In this sense, both the poster and the opening credit read "A Film Between Donal Foreman | Arthur MacCaig". Not "a film by", or "a film about", but "a film between". The official website describes the film as a "documentary essay", and this cannot be overemphasised. This is, at the most basic level, a film in which someone still living attempts to 'communicate' with someone already dead (although not, obviously, in a séance kind of way). With that in mind, the film has no discernible narrative as such, using editing to juxtapose, contrast, comment upon, and suggest thematic links between the footage shot by the father and that shot by the son. The narrative jumps back and forth fairly randomly amongst MacCaig's footage, employing what could be termed "thematic editing". There's also no real central character; the documentary is not 'about' either man in the classic sense of the term; it's about the space between them.

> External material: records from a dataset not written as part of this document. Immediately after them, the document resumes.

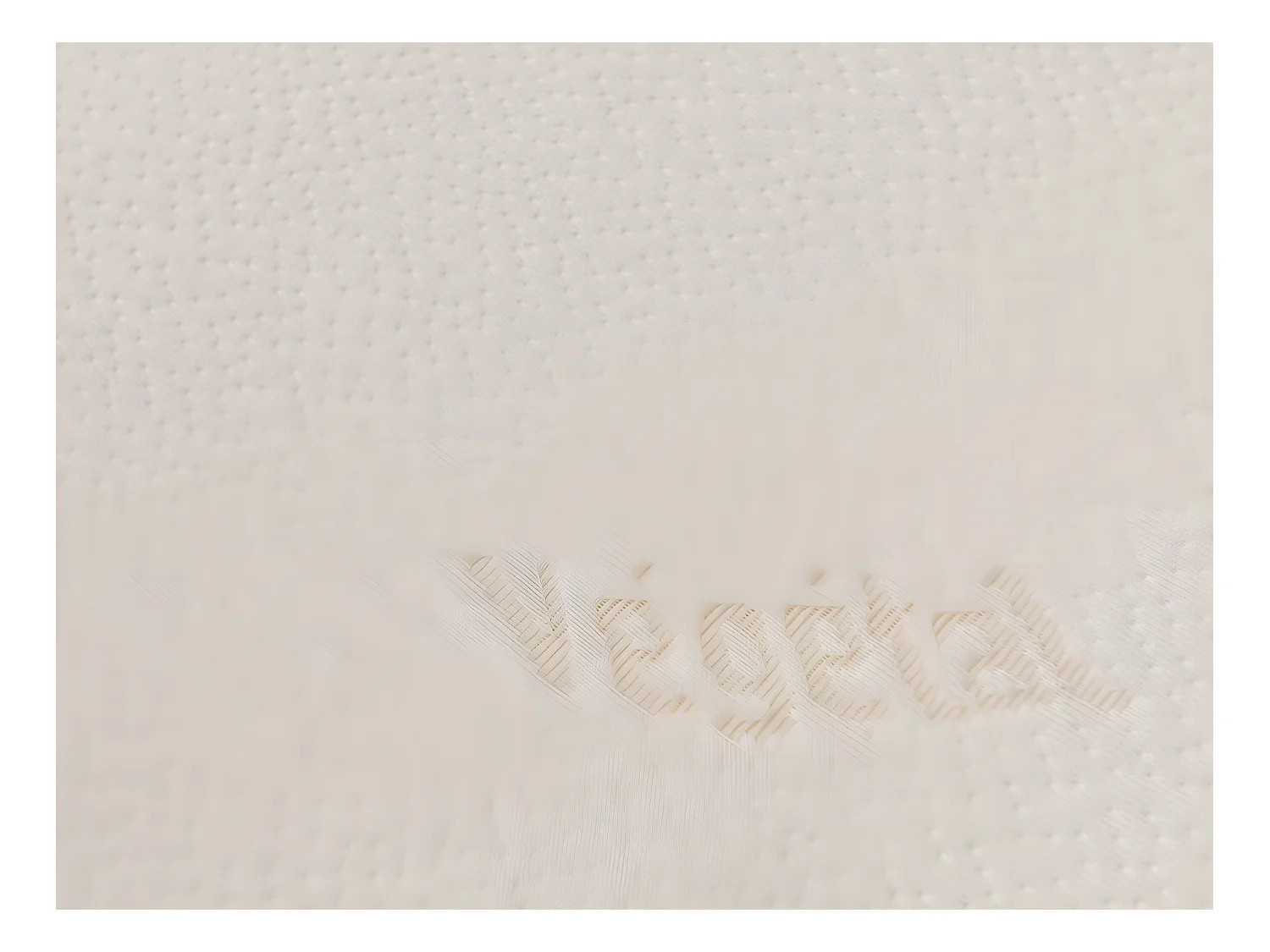 Set 2 Ergonomische hoofdkussens met vormgeheugen DODO VEGETAL - 60x60 cm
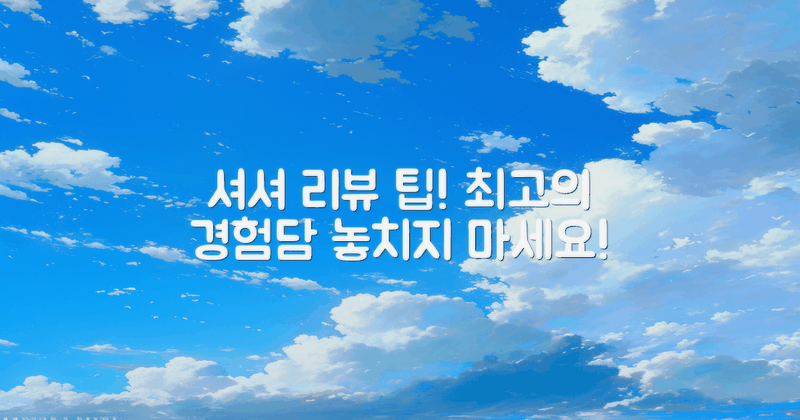 셔셔 이용 후기와 팁 공유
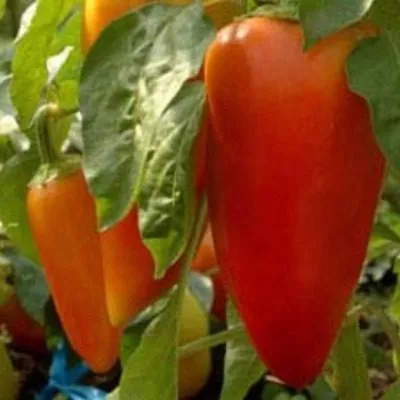 babushkina-gryadka-6-183386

Unfortunately, for me, it just didn't work. Apart from the already alluded to lack of theatrical justification, which really can't be overstated, one of the biggest problems was the failure to contextualise anything on screen; the tendency to jump in and out of scenes without even remotely attempting to suture the viewer into the milieu. Granted, it makes no claims to be an informative historical overview, but the viewer still needs to be situated in some way, shape, or form in relation to what they're watching. Foreman doesn't use the backdrop of the Troubles to inform the dialogue between himself and MacCaig, but neither does he use that dialogue to inform the presentation of the Troubles, so the fact that the film is set in Belfast is, bizarrely, and quite paradoxically, kind of irrelevant. Foreman, however, has argued that the interaction between the personal and the political is a central connective tissue in the film; speaking to The Irish Times, he states,

if it had been just about my father and my relationship with my father, without those added layers about politics and history and cinema to engage with, I don't think I would have made the film. I saw his archive as a pretext to grapple with a lot of interesting questions and challenge myself as a film-maker to deal with political questions that I hadn't found a way to do in my films before.

Unfortunately, there's little evidence of this in the film, with the Troubles never being examined beyond that of an intermittent surface-level presentation.

Tied to this is the single biggest issue I had with the film, a question I found myself asking after about twenty minutes – why should I, or anyone else, care that Foreman had a tough relationship with his father? Who doesn't? I wouldn't expect anyone to sit through a documentary in which I work out my daddy issues, not unless those issues speak to a more all-encompassing truth, and I'm really not sure why Foreman should be any different, as he certainly provides no such reason in the film. And precisely because he doesn't allow the personal and the political to inform one another, the film just comes across as a guy with a camera watching old footage shot by his dad.

Maybe I didn't respond correctly to the form, maybe I wasn't the target demographic (at the screening I attended, I was the youngest person in the cinema by a good ten or fifteen years at least, and I'm 40), I'm not sure, but whatever the case, I was just left wondering as to what the purpose of any of it was.